Afin de répondre à cette question, le juge peut analyser la transcription, les pièces et les motifs de l’audience initiale de mise en liberté provisoire ainsi que toute audience de révision subséquente. Il peut également tenir compte de tout délai anormal.  Les deux parties ont le droit de présenter de nouvelles observations qui sont pertinentes pour l’analyse du juge, par exemple, un changement à la situation du prévenu. Le juge analyse avec déférence les conclusions de faits établies par le juge de première instance lorsque rien ne justifie de les modifier.

 

Le juge doit également s’assurer que la détention du prévenu ne risque pas de miner la confiance du public envers l’administration de la justice.
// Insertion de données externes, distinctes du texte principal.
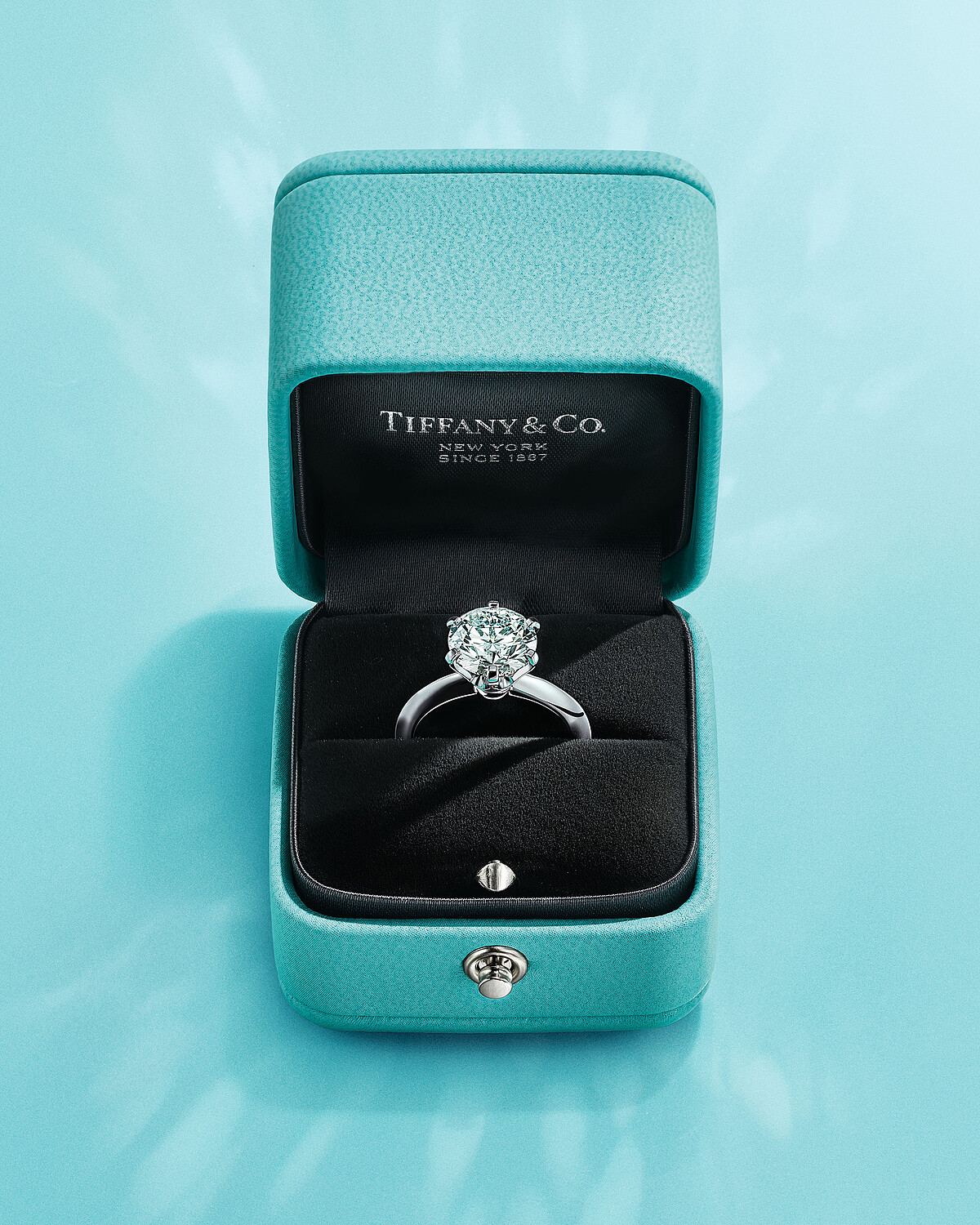The Tiffany® Setting訂情鑽戒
En effet, si le temps passé en détention par le prévenu est égal ou supérieur à la peine qu’il purgerait s’il était déclaré coupable ou si ce temps incitait l’accusé à inscrire un plaidoyer de culpabilité, les risques de compromettre l’intégrité du système de justice criminelle sont grands.

 

  1. En cas d’absence d’audience initiale

Dans les cas où le prévenu n’a pas fait l’objet d’une audience initiale sur sa mise en liberté sous caution en raison, par exemple, d’une inversion du fardeau de preuve, le juge saisi d’une demande de révision doit tenir une telle audience en prenant en considération le temps que le prévenu a déjà passé en détention avant la tenue de son procès.

 

  1. Les motifs justifiant la détention

Dans tous les cas, l’article 525 Code criminel exige que le juge donne des motifs au prévenu, qu’il soit représenté ou non par un avocat, afin de l’informer des raisons qui justifient ou non le maintien de sa détention.

 

 

DISPOSITIF

Puisque l’affaire est théorique, le pourvoi est accueilli sans rendre aucune autre ordonnance.